» Data items

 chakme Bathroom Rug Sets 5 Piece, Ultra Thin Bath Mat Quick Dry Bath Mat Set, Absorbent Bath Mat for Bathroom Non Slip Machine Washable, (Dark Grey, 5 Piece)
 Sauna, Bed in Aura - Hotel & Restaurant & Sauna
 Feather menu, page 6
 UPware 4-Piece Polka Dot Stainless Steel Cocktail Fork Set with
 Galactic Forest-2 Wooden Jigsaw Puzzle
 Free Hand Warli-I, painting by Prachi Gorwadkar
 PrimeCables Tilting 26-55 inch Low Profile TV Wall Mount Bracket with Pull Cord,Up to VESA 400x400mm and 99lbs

» Brief
When the word "with" shows up in a line of the entries, report that line.

» Result of the exercise
 UPware 4-Piece Polka Dot Stainless Steel Cocktail Fork Set with
 PrimeCables Tilting 26-55 inch Low Profile TV Wall Mount Bracket with Pull Cord,Up to VESA 400x400mm and 99lbs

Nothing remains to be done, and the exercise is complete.